Google Bard AI summarizes YouTube videos

Bard, Google/Alphabet’s AI model that competes with OpenAI’s GPT, just got the feature of summarizing YouTube videos via a Google-provided plugin. This video explains how it can be used:

Some practical observations to note:

  • The feature works well with simple instructional videos (such as cooking recipes, technical manuals, and the like).
  • It relies on YouTube’s text captions and can only summarize videos with captions, and doesn’t seem to be able to analyze visuals.
  • Many YouTube captions are automatically generated (using yet another AI). Often, these automated transcriptions are faulty, for example, by misunderstanding and misrepresenting spoken words. These errors can also creep into the auto-generated summaries.
  • The feature doesn’t work well at all with YouTube videos on more complex topics, such as academic lectures. It can also produce “hallucinations,” or made-up information. For example, when I asked the Bard AI bot to summarize a recorded conversation between me and an electronic music composer, Bard’s summary falsely identified me as a music journalist who had written several books on electronic music.

In other words, this feature (not surprisingly) suffers from the same problems as other generative AI systems and should not be relied upon.

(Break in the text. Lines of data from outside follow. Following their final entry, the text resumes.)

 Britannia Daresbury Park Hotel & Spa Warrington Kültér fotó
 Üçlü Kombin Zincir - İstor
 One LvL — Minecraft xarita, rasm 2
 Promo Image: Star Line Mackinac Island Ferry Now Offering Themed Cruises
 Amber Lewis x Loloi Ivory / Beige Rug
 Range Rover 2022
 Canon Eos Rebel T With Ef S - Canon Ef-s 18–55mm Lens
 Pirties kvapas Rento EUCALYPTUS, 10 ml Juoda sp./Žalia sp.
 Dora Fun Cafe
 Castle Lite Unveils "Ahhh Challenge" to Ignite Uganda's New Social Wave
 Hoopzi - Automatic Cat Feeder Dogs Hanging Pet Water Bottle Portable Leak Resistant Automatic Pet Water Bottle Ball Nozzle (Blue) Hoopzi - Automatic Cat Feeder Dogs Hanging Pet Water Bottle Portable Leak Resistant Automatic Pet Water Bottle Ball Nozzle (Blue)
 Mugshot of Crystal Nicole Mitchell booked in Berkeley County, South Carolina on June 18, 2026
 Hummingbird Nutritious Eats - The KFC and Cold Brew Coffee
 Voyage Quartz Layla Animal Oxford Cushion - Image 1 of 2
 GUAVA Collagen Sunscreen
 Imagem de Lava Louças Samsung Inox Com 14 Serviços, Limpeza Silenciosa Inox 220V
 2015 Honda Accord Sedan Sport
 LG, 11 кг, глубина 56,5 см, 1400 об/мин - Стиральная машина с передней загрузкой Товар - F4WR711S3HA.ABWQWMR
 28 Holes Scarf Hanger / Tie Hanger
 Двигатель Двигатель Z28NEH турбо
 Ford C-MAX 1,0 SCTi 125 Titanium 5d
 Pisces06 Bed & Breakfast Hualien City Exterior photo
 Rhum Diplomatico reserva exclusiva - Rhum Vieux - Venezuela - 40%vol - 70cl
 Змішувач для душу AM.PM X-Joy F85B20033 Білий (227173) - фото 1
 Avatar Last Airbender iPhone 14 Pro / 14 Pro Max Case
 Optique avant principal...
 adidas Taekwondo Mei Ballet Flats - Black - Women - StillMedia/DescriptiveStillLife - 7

But perhaps the most interesting thing about this feature launch is how Google could potentially undermine its own business model. If people resort to Bard summaries of YouTube videos instead of watching the (often intentionally long, click-bait/ad revenue-driven) videos themselves, this would negatively impact YouTube/Google’s advertising revenue.

In 2005, the project Google Will Eat Itself by the Austrian artist duo ubermorgen.com and Alessandro Ludovico (an art magazine publisher and former researcher at WdKA) anticipated this by running Google Ads on their website and using the ad revenue to buy Google shares.

More likely, however, is that AI bots (which are still being run as experiments) will place advertisements in the results they generate in order to make money for the companies that create them. The combination of false summaries, hallucinations, and fake news in the generated results, and the additional manipulation through advertising, is likely to create a new dimension in the crisis of trustworthiness of published information. Especially if such AI/machine learning based summary and aggregator functionality becomes a dominant interface for people to access information – i.e. if, in a likely future, fewer videos are watched on sites like YouTube, and fewer texts are read in their original form, but only as texts that have been filtered and reformulated by AI bots.

Postscript

This is Bard’s summary of the YouTube video embedded above:

According to the video, Google Bard’s new update allows it to understand the content and visuals of YouTube videos. The speaker demonstrates how to use Bard to search for videos, get the recipe from a video, describe the overall tone and style of a video, get the key points and insights from a video, find charts, graphs, or visual aids in a video, get the time code of the first graphic, find the specific target audience of a video, and see the comments and engagement from viewers.